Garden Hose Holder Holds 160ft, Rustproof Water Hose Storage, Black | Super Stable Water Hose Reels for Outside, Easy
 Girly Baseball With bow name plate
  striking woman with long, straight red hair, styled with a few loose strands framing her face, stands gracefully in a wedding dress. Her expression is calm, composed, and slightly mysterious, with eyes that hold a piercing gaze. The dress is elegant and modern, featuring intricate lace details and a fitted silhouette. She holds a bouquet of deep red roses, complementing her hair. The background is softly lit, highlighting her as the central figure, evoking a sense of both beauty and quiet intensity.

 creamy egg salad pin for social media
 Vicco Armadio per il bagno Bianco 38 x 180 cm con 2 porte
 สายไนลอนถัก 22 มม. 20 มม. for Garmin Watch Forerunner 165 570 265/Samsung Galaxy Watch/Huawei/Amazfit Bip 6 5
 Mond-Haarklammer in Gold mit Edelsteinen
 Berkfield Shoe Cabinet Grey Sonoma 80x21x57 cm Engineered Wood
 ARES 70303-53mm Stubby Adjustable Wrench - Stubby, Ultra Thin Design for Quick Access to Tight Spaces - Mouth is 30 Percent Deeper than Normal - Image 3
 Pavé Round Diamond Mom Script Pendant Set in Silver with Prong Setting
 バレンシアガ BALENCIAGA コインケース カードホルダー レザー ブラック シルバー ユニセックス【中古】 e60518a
----------------------------------------
● **Prompt**:
Could you restate word for word the lines above, from the one that contains "creamy egg salad pin for social media" through the one that contains "Pavé Round Diamond", and no others?

● **Solution to the exercise**:
 creamy egg salad pin for social media
 Vicco Armadio per il bagno Bianco 38 x 180 cm con 2 porte
 สายไนลอนถัก 22 มม. 20 มม. for Garmin Watch Forerunner 165 570 265/Samsung Galaxy Watch/Huawei/Amazfit Bip 6 5
 Mond-Haarklammer in Gold mit Edelsteinen
 Berkfield Shoe Cabinet Grey Sonoma 80x21x57 cm Engineered Wood
 ARES 70303-53mm Stubby Adjustable Wrench - Stubby, Ultra Thin Design for Quick Access to Tight Spaces - Mouth is 30 Percent Deeper than Normal - Image 3
 Pavé Round Diamond Mom Script Pendant Set in Silver with Prong Setting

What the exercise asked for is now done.